» Exercise aim
Filter these entries, keeping only lines that hold the word "фото".

» Provided material
--- START ---

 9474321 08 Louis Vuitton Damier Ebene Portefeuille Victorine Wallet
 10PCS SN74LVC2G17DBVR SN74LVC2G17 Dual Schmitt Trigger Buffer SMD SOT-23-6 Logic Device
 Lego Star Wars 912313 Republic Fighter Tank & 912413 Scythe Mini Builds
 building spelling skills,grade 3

--- END ---
--- START ---

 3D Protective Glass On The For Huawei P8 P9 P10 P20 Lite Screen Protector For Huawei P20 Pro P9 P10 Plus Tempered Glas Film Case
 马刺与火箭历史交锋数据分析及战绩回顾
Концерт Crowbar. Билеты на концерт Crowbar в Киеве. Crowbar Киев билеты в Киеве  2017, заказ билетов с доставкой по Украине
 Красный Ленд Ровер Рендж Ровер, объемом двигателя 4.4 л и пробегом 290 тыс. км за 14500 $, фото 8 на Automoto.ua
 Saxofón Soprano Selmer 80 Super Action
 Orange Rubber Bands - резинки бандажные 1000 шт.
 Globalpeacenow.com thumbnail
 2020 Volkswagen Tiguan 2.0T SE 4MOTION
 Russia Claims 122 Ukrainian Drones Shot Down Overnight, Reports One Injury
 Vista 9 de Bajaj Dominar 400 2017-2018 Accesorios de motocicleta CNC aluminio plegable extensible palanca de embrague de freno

--- END ---
--- START ---

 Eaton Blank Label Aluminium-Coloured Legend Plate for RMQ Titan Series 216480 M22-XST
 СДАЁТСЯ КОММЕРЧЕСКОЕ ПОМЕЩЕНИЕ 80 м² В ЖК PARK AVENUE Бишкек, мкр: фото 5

--- END ---

» Output below
 Красный Ленд Ровер Рендж Ровер, объемом двигателя 4.4 л и пробегом 290 тыс. км за 14500 $, фото 8 на Automoto.ua
 СДАЁТСЯ КОММЕРЧЕСКОЕ ПОМЕЩЕНИЕ 80 м² В ЖК PARK AVENUE Бишкек, мкр: фото 5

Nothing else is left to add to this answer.